Leave bike on ground
Pedal backwards
?
Profit


----------



## mtnbkrmike (Mar 26, 2015)

EABiker said:


> How about:
> 
> Leave bike on ground
> Pedal backwards
> ...


🤔
Not sure if I’m missing your point, but that was the whole/only point of the article at the link I posted above, the tool and this thread.
🧐
An e-bike’s chain does not move when you pedal backwards. 
🤨


----------



## mtnbkrmike (Mar 26, 2015)

127.0.0.1 said:


> that is what your neck is for
> 
> bend over
> hook saddle nose over neck
> ...


Another interestingly confusing response.
🤔


----------



## noapathy (Jun 24, 2008)

The PB comment that e-bike owners will buy whatever you put in front of them to make it some kind of "experience"...seems accurate. A socket wrench with a small extension would do the same thing.


----------



## ItzEasy (Sep 14, 2020)

noapathy said:


> The PB comment that e-bike owners will buy whatever you put in front of them to make it some kind of "experience"...seems accurate. A socket wrench with a small extension would do the same thing.


You nailed it! 



https://www.pinkbike.com/news/muc-offs-new-e-bike-drivetrain-tool-is-silly.html


----------



## mtnbkrmike (Mar 26, 2015)

noapathy said:


> …A socket wrench with a small extension would do the same thing.

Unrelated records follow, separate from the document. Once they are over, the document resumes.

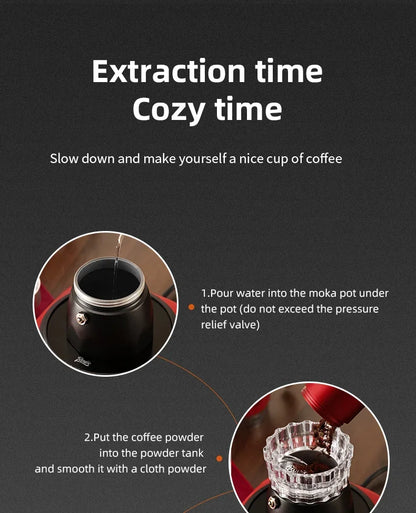 Bincoo Double Valve Coffee Moka Pot Espresso Machine Electric Stove Brewed Coffee Italian Home Outdoor Barista Accessories 220V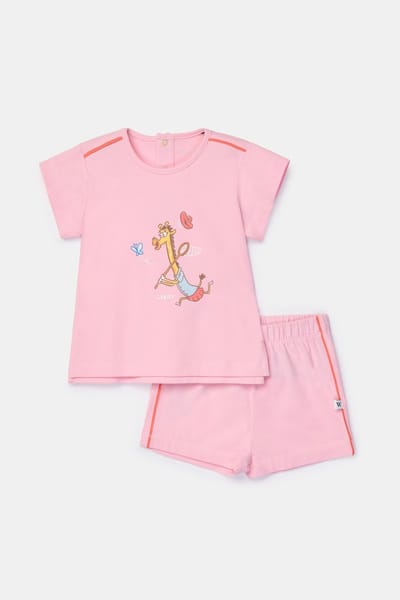 Woody - Baby Meisjes Pyjama - Lichtroze - 12 maand / 80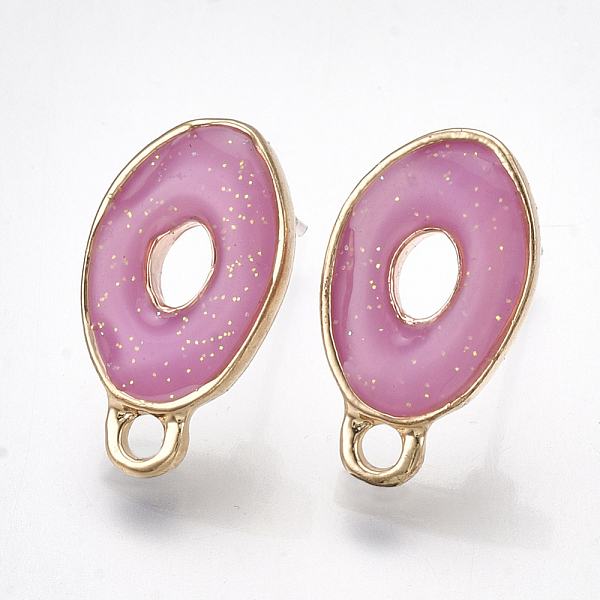

PandaHall Alloy Enamel Stud Earring Findings, with Loop, Raw(Unplated) Pins and Glitter Powder and 925 Sterling Silver Pin, Oval, Light Gold..., Pink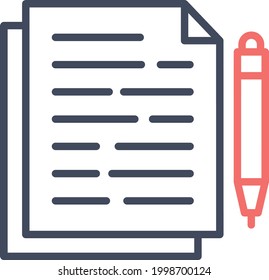 Article, pen, document, contract icon vector image. Can also be used for information technology. Suitable for use on web apps, mobile apps and print media.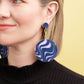 Wave Chain Dangle Earrings | Lilac + Navy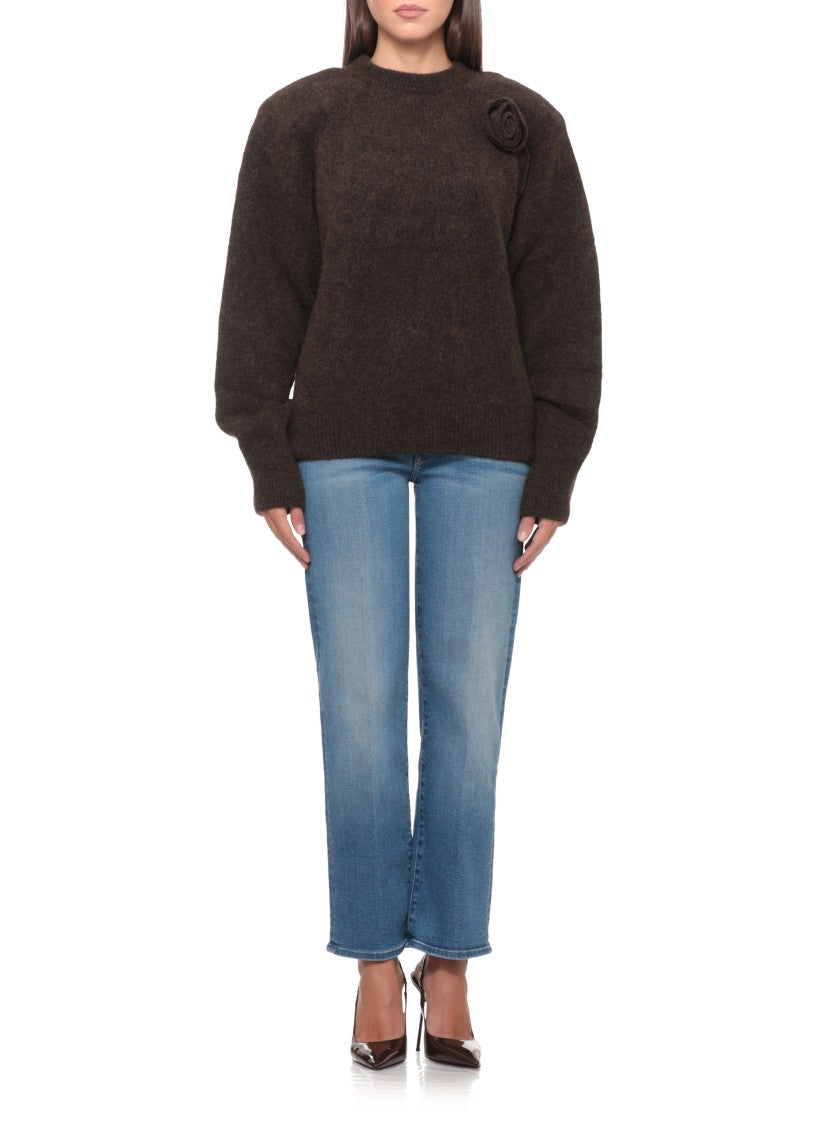 Rotate Brown Textured Rose Detail Sweater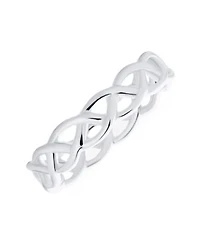 Bling Jewelry Silver Ring Open Braided Band Wheat Weave Woven Wire Rope Cable Eternity Sterling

I’m about to find out shortly. Whether I use an allen key, a Muc-Off tool or something else, I’m just excited to have learned of a workaround.


----------



## mtnbkrmike (Mar 26, 2015)

noapathy said:


> The PB comment that e-bike owners will buy whatever you put in front of them to make it some kind of "experience"...seems accurate…


Not for me it’s not. But carry on.


----------



## mtnbkrmike (Mar 26, 2015)

ItzEasy said:


> You nailed it!
> 
> 
> 
> https://www.pinkbike.com/news/muc-offs-new-e-bike-drivetrain-tool-is-silly.html


That link is in my original post. What’s with you guys? Did you not get enough sleep or something?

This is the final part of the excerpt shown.